→ **WHAT IS BEING ASKED**: Beginning with the line that has "Modern Industrial 8", write out each line down to the end of the records below exactly, and include no pictures.

→ **INPUT**:
···

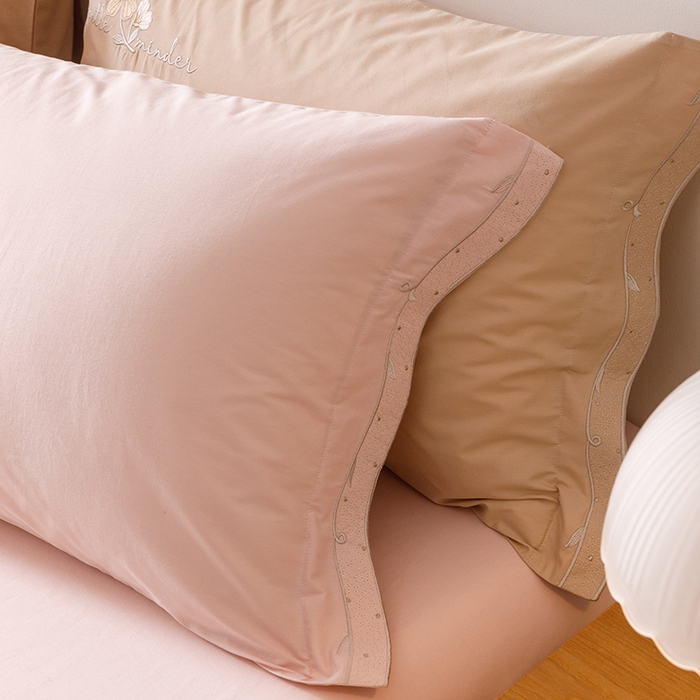 91家纺网 家纺一手货源 找家纺 （总）艾莱家纺 2025新款A类水洗棉加厚绣花四件套-栀夏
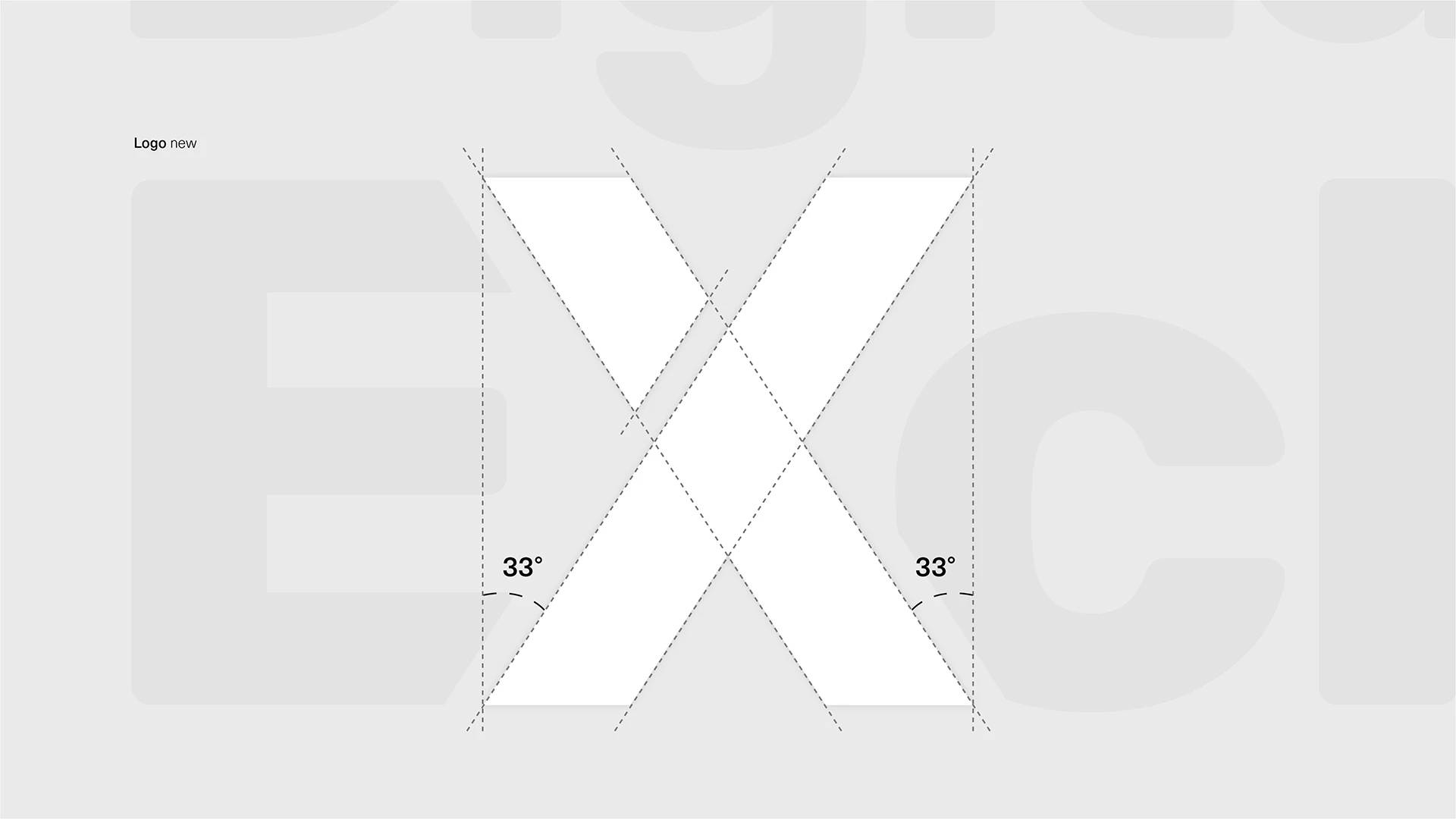 Mockup showing a new logo with diagonal crossed ribbons, angle guides at 33°, and a 'Logo new' label on a pale background.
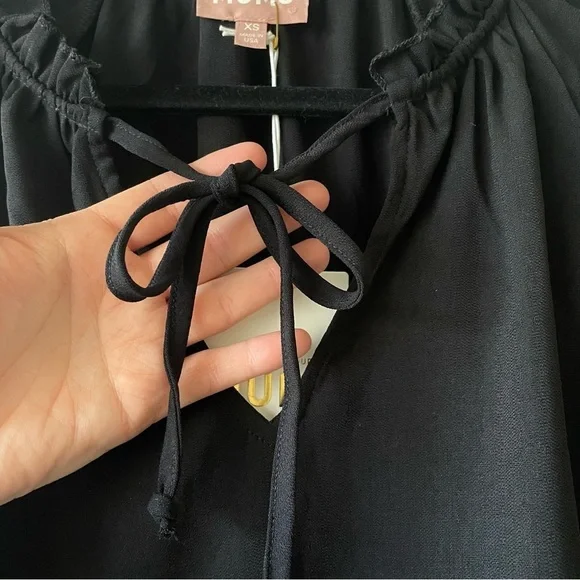 NWT Show Me Your Mumu Viola Tiered Mini Dress Women's XS Black Draped Flowy Boho - Picture 8 of 15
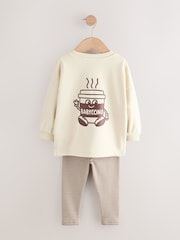 Brown/Cream Babyccino Long Sleeve Tops & Leggings Set 2 Pack (3mths-7yrs) - Image 7 of 8
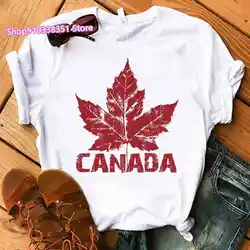 Fashion Canada Maple Leaf Flag Print Women T Shirt Short Sleeve Harajuku O Neck Loose Women Tshirt Ladies Tee Shirt Tops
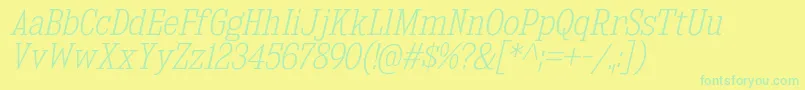 KingsbridgeScElIt Font – Green Fonts on Yellow Background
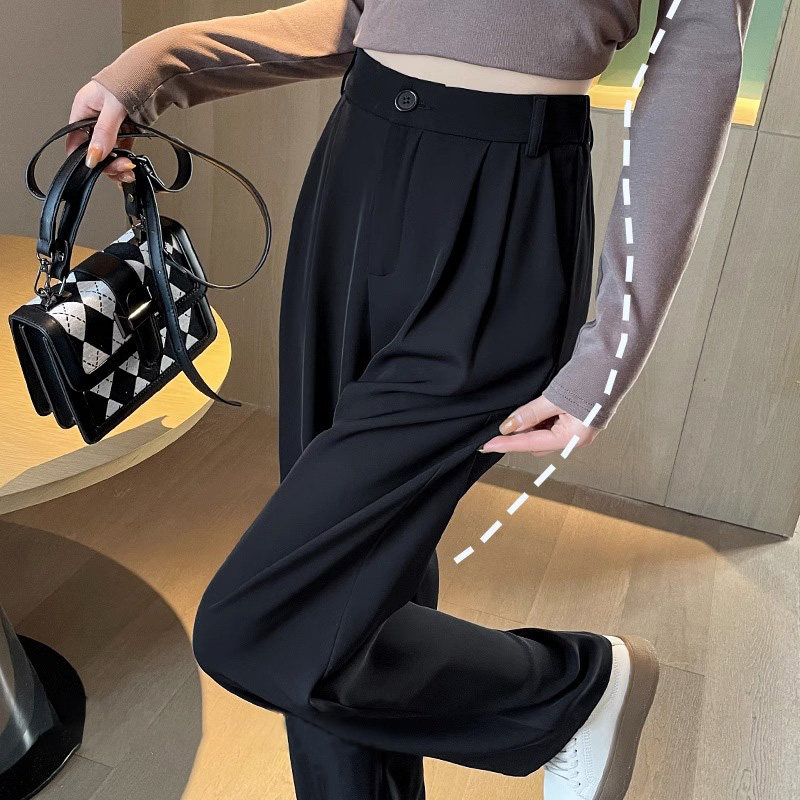 潮牌黑色西装裤女2026夏季薄款直筒高腰高级感垂感防晒窄版阔腿裤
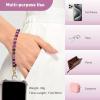 TiMOVO Marble Beaded Phone Wrist Strap, Hands-Free Healing Beaded Cell Phone Charms Strap Lanyard with Tether Tab, Elegant Healing Stone Wristlet Bracelet Phone Case Bracelet Strap for Women(Gradient Purple)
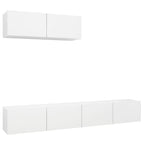 vidaXL 3X TV Cabinets Living Room Furniture Hanging Wall-Mounted TV Cabinet TV Stand Unit Stereo Plasma Cabinet Engineered Wood White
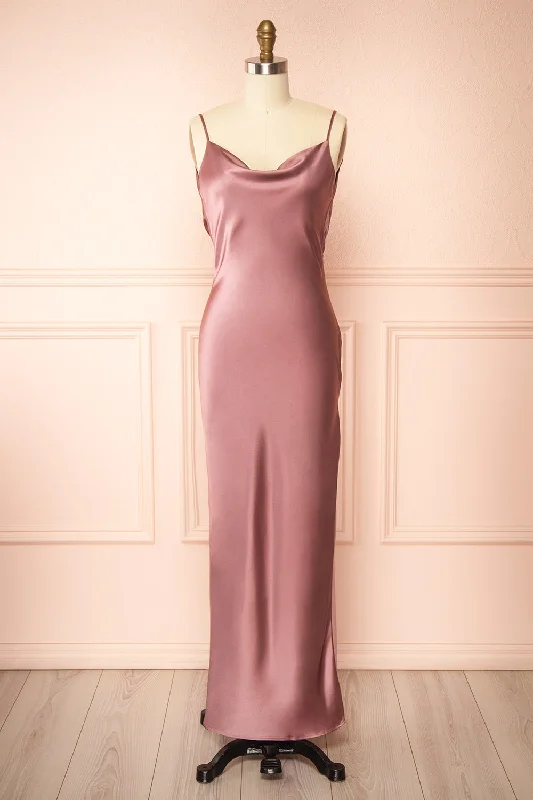Stacy Mauve | Long Satin Dress w/ Open Back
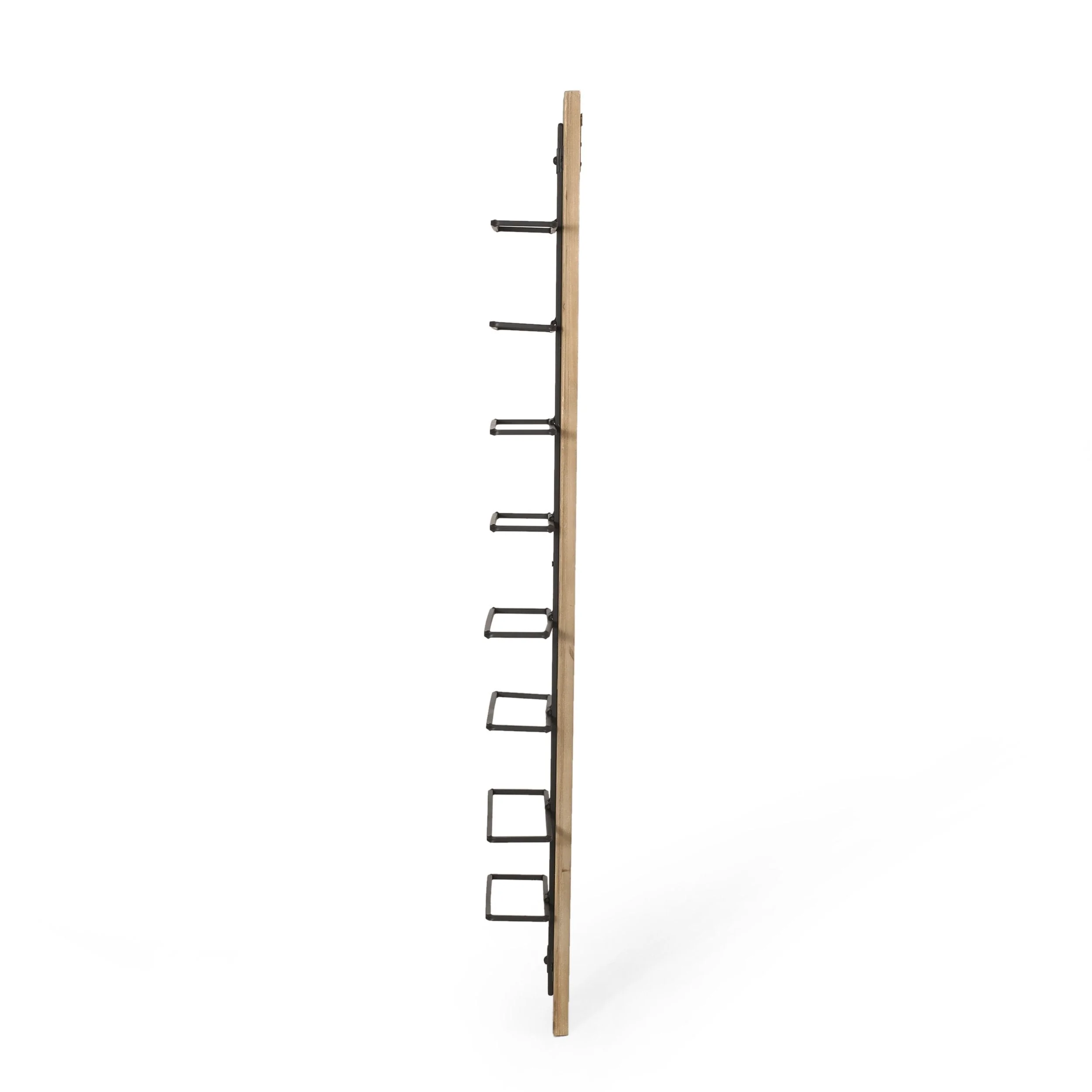 Modern Industrial 8 Bottle Wall Mounted Wine Rack, Natural and Black - NH400513
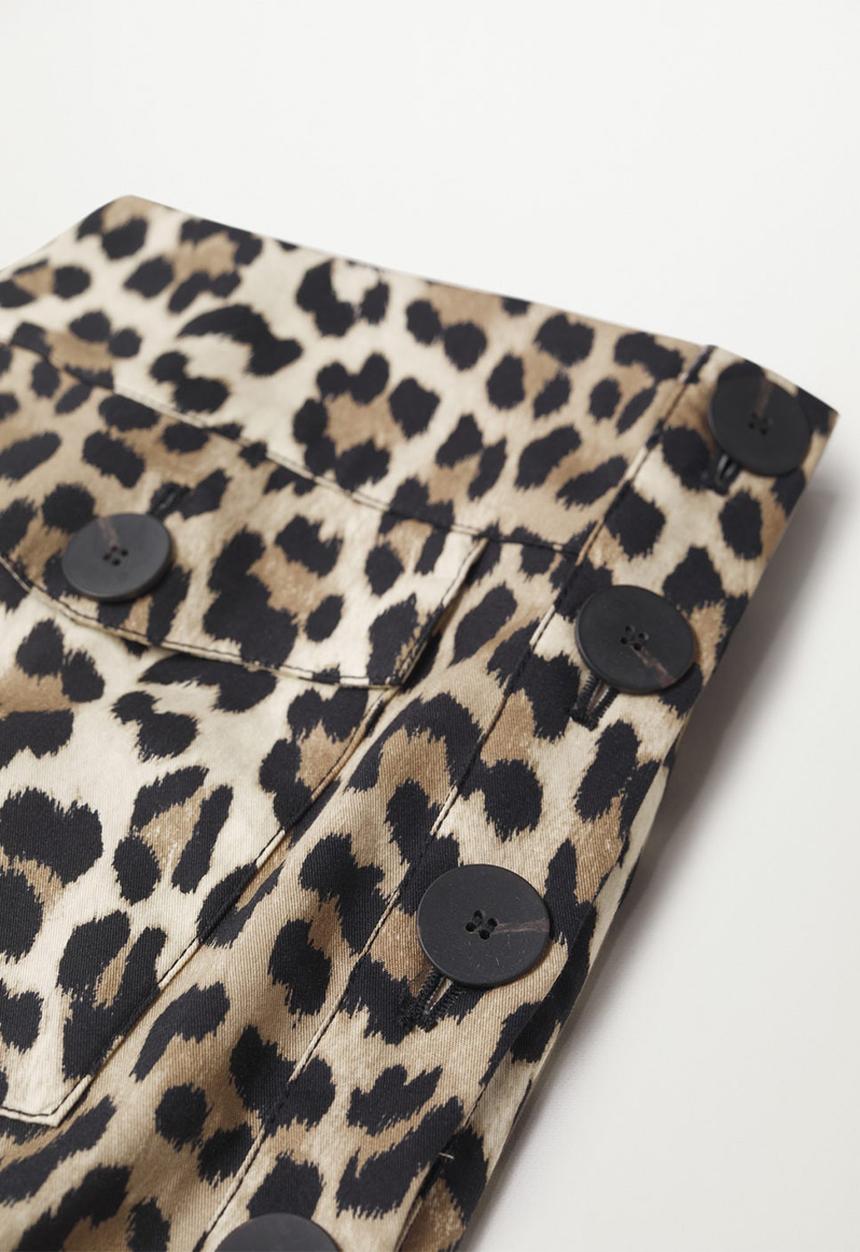 MANGO - Skirt fives - beige & black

···

→ **ANSWER BOX**:
 Modern Industrial 8 Bottle Wall Mounted Wine Rack, Natural and Black - NH400513
 MANGO - Skirt fives - beige & black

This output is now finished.